-- Extracted information --
◇ ◇ ◇ ◇ ◇ ◇ ◇

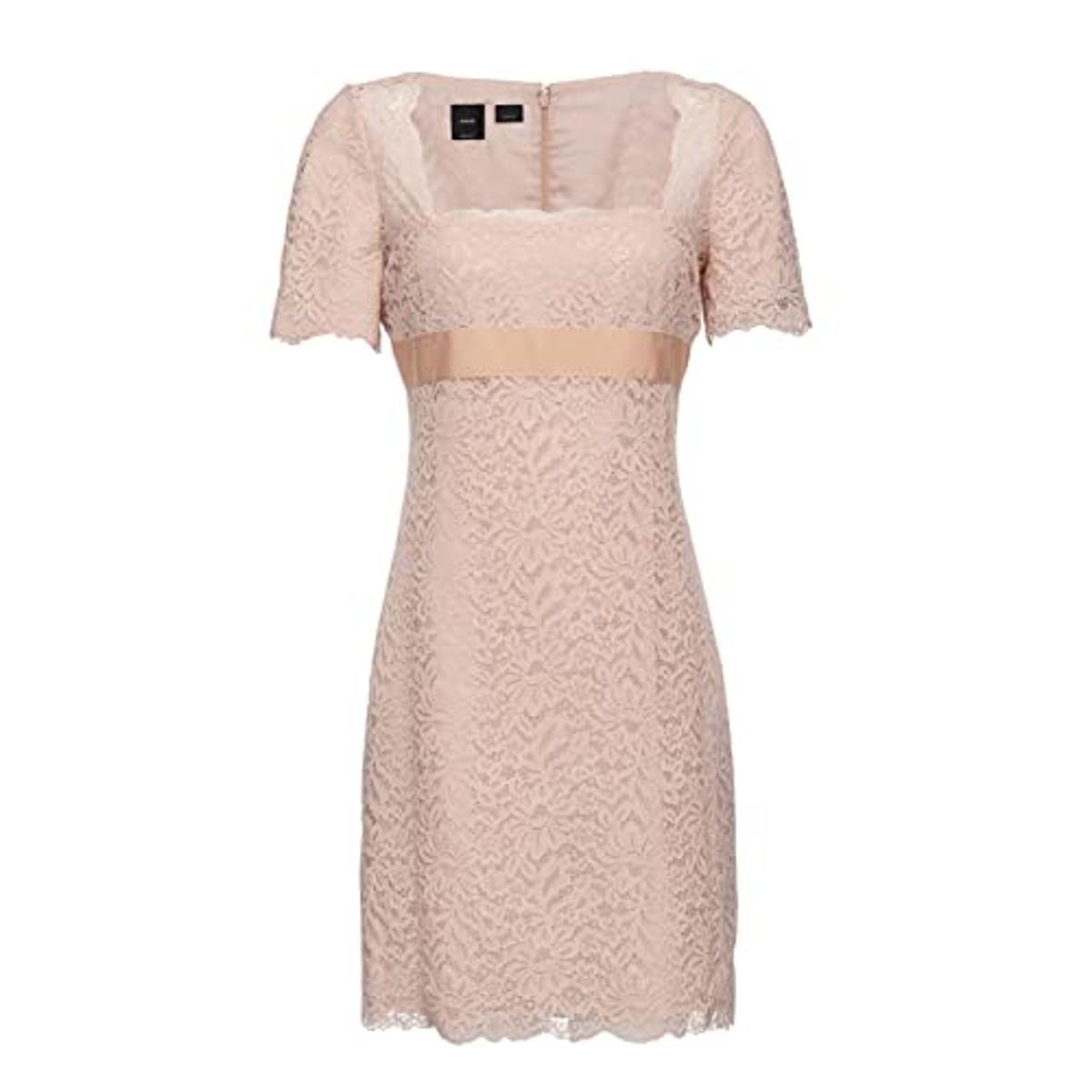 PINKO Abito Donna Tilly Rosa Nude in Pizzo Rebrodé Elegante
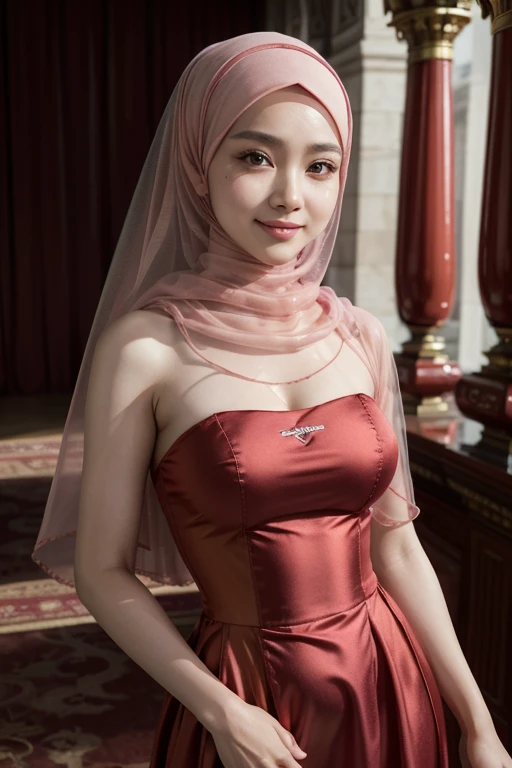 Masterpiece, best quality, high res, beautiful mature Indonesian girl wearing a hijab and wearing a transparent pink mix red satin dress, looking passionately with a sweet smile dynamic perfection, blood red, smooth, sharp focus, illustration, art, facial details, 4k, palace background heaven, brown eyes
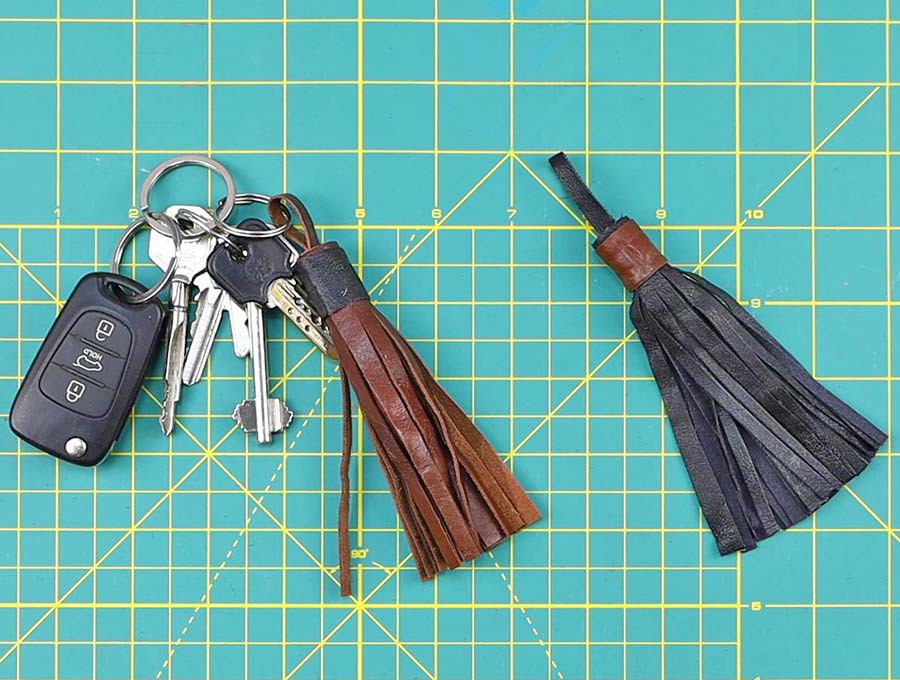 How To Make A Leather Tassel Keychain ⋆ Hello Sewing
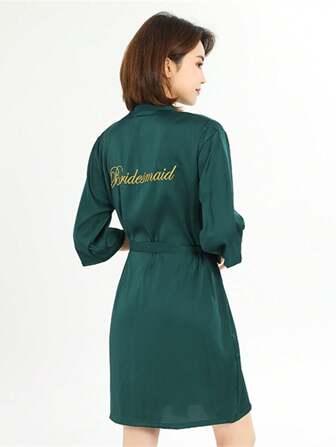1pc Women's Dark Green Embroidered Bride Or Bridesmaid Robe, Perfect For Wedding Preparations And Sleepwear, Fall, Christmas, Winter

◇ ◇ ◇ ◇ ◇ ◇ ◇

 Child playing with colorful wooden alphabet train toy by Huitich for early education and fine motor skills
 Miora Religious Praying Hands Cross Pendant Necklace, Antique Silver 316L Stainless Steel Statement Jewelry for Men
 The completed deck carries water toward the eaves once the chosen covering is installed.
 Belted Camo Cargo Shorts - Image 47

◇ ◇ ◇ ◇ ◇ ◇ ◇

-- What to do --
Referring to the material above, set down exactly the lines between the line with "Miora Religious Praying" and the line with "Belted Camo Cargo Shorts - Image 47", inclusive, and no other lines.

-- Written reply --
 Miora Religious Praying Hands Cross Pendant Necklace, Antique Silver 316L Stainless Steel Statement Jewelry for Men
 The completed deck carries water toward the eaves once the chosen covering is installed.
 Belted Camo Cargo Shorts - Image 47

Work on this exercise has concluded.